Look specifically for:
Medical Management Protocol
- Elevate head of bed 0-30 degrees to control intracranial pressure 1
- Osmotic therapy with mannitol or hypertonic saline is reasonable for patients deteriorating from cerebral edema (Class IIa, Level C) 1
- Ensure adequate cerebral oxygenation and correct hypovolemia with isotonic fluids 1
- Maintain normoglycemia (glucose <8 mmol/L) and treat hyperthermia 1
- Keep patient NPO initially due to swallowing dysfunction risk 1
Surgical Intervention Criteria
Obtain early neurosurgical consultation immediately to facilitate planning for potential decompressive surgery 1.

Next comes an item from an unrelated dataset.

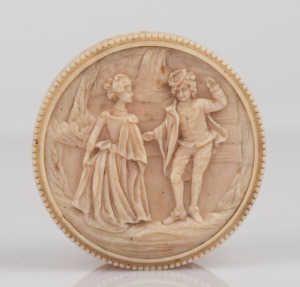 190 · An antique French Dieppe carved ivory circular trinket box with romantic scene, 19th century, ​​​​​​​3cm high, 6cm diameter.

Immediate surgical evacuation is indicated (Class 1, Level B-NR) for: 1, 3
- Neurological deterioration
- Brainstem compression
- Hydrocephalus from ventricular obstruction
- Cerebellar hemorrhage volume ≥15 mL
Perform suboccipital craniectomy with dural expansion for patients with cerebellar infarction who deteriorate neurologically 1.
Critical Surgical Pitfall
If ventriculostomy is needed for obstructive hydrocephalus, it must be accompanied by suboccipital decompressive craniectomy to prevent upward cerebellar herniation 1. Never perform ventriculostomy alone in this setting.
Etiology-Specific Considerations
For brainstem cavernomas:
- Surgical resection is NOT recommended for asymptomatic lesions (Class III, Level B) given natural history risk of 2.4% over 5 years versus 6% surgical risk 1, 3
- Surgery may be reasonable after a second symptomatic hemorrhage (Class IIb, Level B) as these demonstrate more aggressive behavior 1, 3
- Early postoperative morbidity affects nearly 50% of cases 1, 3
For inflammatory/autoimmune causes (brainstem encephalitis/rhombencephalitis):
- Consider CSF analysis for oligoclonal bands and neural antibody testing 4, 5
- Empirical treatment for autoimmune and infectious processes may be necessary when diagnosis remains unclear 4, 6
Monitoring Duration
Patients with territorial cerebellar infarctions require monitoring for up to 5 days, even if initially stable, as peak swelling typically occurs several days after ischemia onset 1, 2. Deterioration depends more on initial infarct volume than specific vascular territory 1, 2.